È
da una ventina di giorni che sono tornata dall’Africa e solo ora mi
trovo a riflettere sul tempo passato in questo paese tanto diverso
dal nostro, quello che io amo chiamare “mondo parallelo”. Grazie
ad una mostra fotografica organizza da Elisa sono venuta a conoscenza
di Nyakipambo, un villaggio che non sapevo neppure esistesse. Per
informarmi un po’prima di partire ho cercato in internet qualche
informazione ma non ho trovato neppure la sua collocazione e quindi
ho pensato “boh, forse ho scritto male il nome: Nyakipambo, dove
andrà la y?”. Invece è talmente piccolino che non si trova in
internet e neppure sulla guida lonely planet.

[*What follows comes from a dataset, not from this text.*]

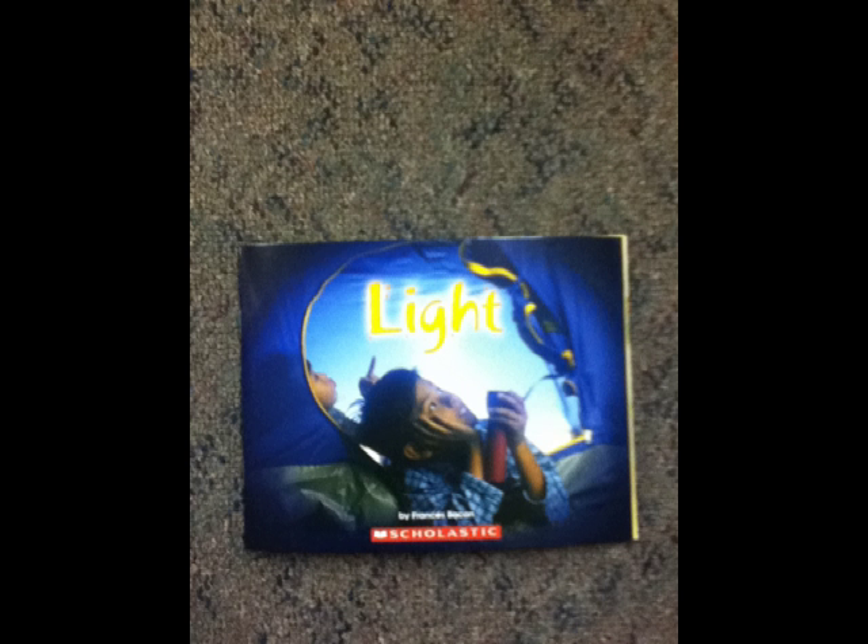Light travels in straight lines. We can see straight rays of light when the sun shines through the clouds.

Per raggiungerlo
bisogna prendere “l’autostrada Africana” da Iringa in direzione
Makambako e dopo qualche ora girare sulla sinistra in una strada un
po’ dissestata.
Oltre
ad Elisa con me c’erano Erika, Sara e Barbara e con loro siamo
state in questo villaggio dieci giorni. Non so neppure da dove
incominciare, ma penso che il mio primo pensiero sia giusto dedicarlo
a Baba Liberatus, che ora sorveglia la missione dal cielo; un prete,
un amico, un papà, un nonno che ci ha accolto a braccia aperte e fin
da subito ci ha aperto la sua casa facendoci sempre sentire come se
fossimo a casa nostra.
Nel
cortile della missione, che per me inizia con un grande albero dai
fiori rossi, c’erano sempre tanti bambini. Mamma mia che occhi, che
sguardi, che sorrisi, non li dimenticherò mai. Vivaci, curiosi,
attivi, sempre pronti a giocare, a disegnare, a saltarti addosso.
Così vivi che ti conquistano al primo sguardo, ti bruciano col
calore dei loro occhi e dei loro sorrisi. Io in particolare mi sono
innamorata di due fratellini, Alexi e Angy (non so neppure se i loro
nomi sono esattamente questi) orfani di madre.
Mi
sono sentita a casa non solo all’interno della missione ma anche in
ogni singolo istante in cui camminavo per le strade di Nyakipambo.
Spesso incontravamo donne che lavoravano nei campi o uomini che
portavano a pascolare il gregge e non appena si accorgevano della
nostra presenza ci venivano incontro e ci accoglievano nelle loro
“case”. Case molto semplici ma sempre aperte a noi stranieri. La
loro voglia di parlare con noi penso che nasca dalla curiosità di
conoscere tramite i racconti il nostro mondo e capire come e dove
viviamo, perché a differenza nostra non possono viaggiare. Anche se
il dialogo non durava molto perché in swahili oltre alla domanda
“Jina laku nani?” (come ti chiami) non sapevo dire altro, per me
erano momenti ad alta intensità emotiva, per farvi capire era come
se per un istante due mondi paralleli si incontrassero anche solo per
un secondo, ma comunque era un secondo in comune.
Ho
fatto di tutto per portarmi un po’ di Africa a casa, ho scattato
mille foto, ho comprato i loro tessuti, le loro collanine e mille
altre cose ma niente può sostituire gli odori, i colori, il cielo e
l’ospitalità che ho provato in questi giorni.
Grazie
ragazze, grazie Elisa, grazie Baba e grazie Nyakipambo, avete
conquistato una parte del mio cuore e vi porterò per sempre con me.